With the ideas42 Seminar Series, we invite leading scholars to share their insights and what inspires their exploration into human behavior.
We were pleased to welcome Stefano DellaVigna, the Daniel Koshland, Sr. Distinguished Professor of Economics and Professor of Business Administration at the University of California, Berkeley. His recent paper, RCTs to Scale: Comprehensive Evidence from Two Nudge Units, compares behavioral science interventions in research studies versus field experiments. After giving a talk to the ideas42 team, Stefano was kind enough to share some of his thoughts on behavioral science:
What do you think researchers (or implementing organizations) need to do differently to incorporate behavioral science into programs and products more effectively?

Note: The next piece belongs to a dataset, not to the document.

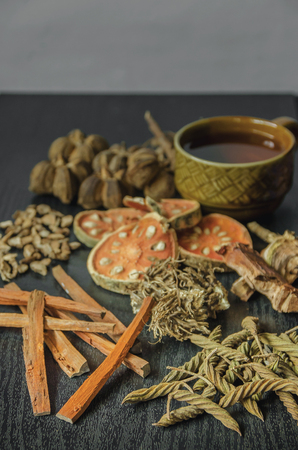 Dried herbs and Ginseng, Close-up of Thai herbs and ginseng on wooden floor. Slices of dries root for make a herb juice on the dark table.の写真素材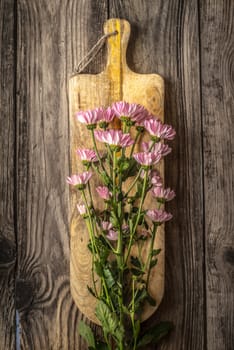 Pink flowers on the wooden board vertical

One point suggested by our analysis is not about the exact design of the intervention, but making sure that the intervention is well powered statistically. Our results suggests that one should aim for a statistical power of 1.5 percentage point effects; in practice, many interventions are run with lower statistical power, which increases the chance that findings would not be replicable. This may mean running fewer treatment arms, or working hard to get a larger population.

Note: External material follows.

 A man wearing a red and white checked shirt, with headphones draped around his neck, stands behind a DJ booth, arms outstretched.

In your view, how could we encourage researchers to share null or negative results?
A very important point. I think that journals should be open to precisely estimated null effects, but it is a path to get to that. I have two suggestions. One, it may be easier to publish null results as a bundle of interventions, some of which may be null, others maybe not. For example, Angela Duckworth and Katy Milkman have a great project on mega-studies that effectively does this, bundles a number of interventions, even by different authors in one setting and in one paper.
My second thought on this is very close to my heart — with Eva Vivalt we are launching a platform for people to get expert forecasts about the result of their interventions. In many cases, comparing to the average prediction of experts makes the finding not a null, but the rejection of the mean expert forecasts.
The United States recently expanded unemployment insurance dramatically. What can behavioral economics tell us about how to design unemployment insurance?
There are many dimensions to this, but I would keep in mind that we probably do not want a drastic drop-off of UI benefit level once the support legislated by Congress ends. That is a dimension to keep in mind. A good place to start is understanding how people actually approach job searches, which is actually different than standard models suggest.